(DATASET)
◆ ◆ ◆ ◆ ◆

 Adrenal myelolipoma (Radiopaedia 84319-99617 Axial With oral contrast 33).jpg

◆ ◆ ◆ ◆ ◆

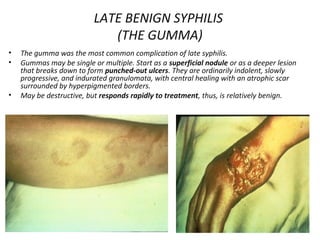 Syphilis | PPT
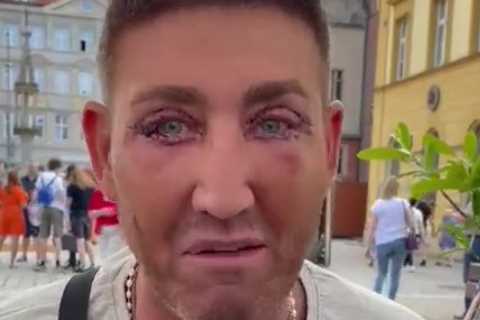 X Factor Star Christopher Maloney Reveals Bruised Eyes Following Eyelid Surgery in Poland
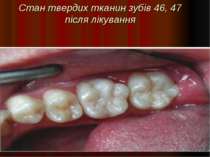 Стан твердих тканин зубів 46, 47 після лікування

◆ ◆ ◆ ◆ ◆

Of the records above, print only the lines from the one containing "X Factor Star" through the one containing "Стан твердих тканин", inclusive and unaltered, leaving out pictures.

(EXPECTED OUTPUT)
 X Factor Star Christopher Maloney Reveals Bruised Eyes Following Eyelid Surgery in Poland
 Стан твердих тканин зубів 46, 47 після лікування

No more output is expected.